One more refinement makes the constraint complete. Outside the while loop we add this statement:
randyOld = randy;
This statement records the current random number and stores it in the variable that will be used for comparison on the next run of the function. This line lets the function remember its previous behavior each time through.
Extensions of ConstraintUsing the logic explained above, you may constrain a random number generator against several orders of repetition, so that it is guaranteed to produce non-repeating values for three, four, five, or more successive iterations. The crudest way to do this is simply to create more storage variables (randyOlder and randyOldest, for instance), write a compound test condition for the while loop, and push every new random value back through the record variables as we go.
If you look at the scripts attached to the Scripts Movie Clip in the demonstration movie above, you'll find five constraint variables. That's not a very elegant solution, but you may find it easier to take in at a glance than some of the alternatives.

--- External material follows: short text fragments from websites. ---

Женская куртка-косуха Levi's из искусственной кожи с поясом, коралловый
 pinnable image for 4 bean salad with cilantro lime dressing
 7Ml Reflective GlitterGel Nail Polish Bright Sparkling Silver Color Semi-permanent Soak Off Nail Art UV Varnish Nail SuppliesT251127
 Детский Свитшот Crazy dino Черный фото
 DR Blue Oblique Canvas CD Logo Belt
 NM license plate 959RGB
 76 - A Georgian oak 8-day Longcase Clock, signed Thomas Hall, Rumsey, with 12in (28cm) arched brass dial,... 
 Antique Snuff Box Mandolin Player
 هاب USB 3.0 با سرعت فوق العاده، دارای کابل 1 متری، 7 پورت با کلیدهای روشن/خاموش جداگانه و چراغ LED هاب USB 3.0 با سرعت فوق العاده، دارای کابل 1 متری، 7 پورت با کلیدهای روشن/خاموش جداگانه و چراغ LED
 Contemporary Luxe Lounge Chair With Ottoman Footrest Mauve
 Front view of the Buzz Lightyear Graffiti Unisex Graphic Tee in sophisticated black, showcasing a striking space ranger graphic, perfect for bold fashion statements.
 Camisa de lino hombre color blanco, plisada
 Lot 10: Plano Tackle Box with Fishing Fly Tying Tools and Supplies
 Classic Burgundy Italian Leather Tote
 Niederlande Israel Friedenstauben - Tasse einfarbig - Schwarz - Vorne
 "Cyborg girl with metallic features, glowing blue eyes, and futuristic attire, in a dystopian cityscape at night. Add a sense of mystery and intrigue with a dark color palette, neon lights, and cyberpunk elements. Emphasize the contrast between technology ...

After the fifth level of constraint, brute-force methods may become too cumbersome for most people's tastes. It's awkward to write a test condition with six or seven parallel cases. At this point you might want to use an array instead of separate variables to store the record values. This means writing code to scan that array. Alternatively you could write previous random values to a string, moving each value one place back as it ages out; but again, you'd have to write code to look for values in that string.
Practically speaking, if the range of content choices is large enough, there may be no reason to constrain the randomizer against more than two or three repetitions.
Better SolutionsThe method we've just discussed has important flaws--executed on a very slow system it can behave sluggishly if the system randomly selects the same number many times in a row. Real programmers have better ways of constraining random number generation; unfortunately, these methods are hard to explain to people (like me) who are mathematically challenged.
The scheme described above should work fine for Flash movies for two reasons: first, Flash is very well integrated with PC operating systems so it makes excellent use of processing resources; second, most PCs today have plenty of computing power to spare for tasks like multimedia.
So unless you have a deep dislike for sloppy solutions, you may use this method with random abandon.
The Deprecated random() FunctionIf you used ActionScript in its earlier iterations (Flash 3) you may have encountered a simpler random() function. Given an argument N, this function would return an integer between 0 and N-1, inclusive. It wasn't necessary to use Math.floor() or Math.ceil().
Macromedia has officially deprecated the old random function, partly (we guess) because it is not consistent with the way people learn to code in Java and JavaScript, and partly because floor and ceiling functions allow greater control.
Though it's simpler to write, do not include the old random function in your code. You should never use deprecated commands when you can avoid them. Though Macromedia is very generous about legacy code, once an instruction is deprecated it need no longer be supported. Some future version of Flash will refuse to recognize the old random function.
Source FilesThe five demonstration movies that appear on this page are called random1.fla, random2.fla, random3.fla, random4.fla, and random5.fla. They're available on Crow within MMShare/randoms. In each movie the scripts are attached to the Scripts Movie Clip.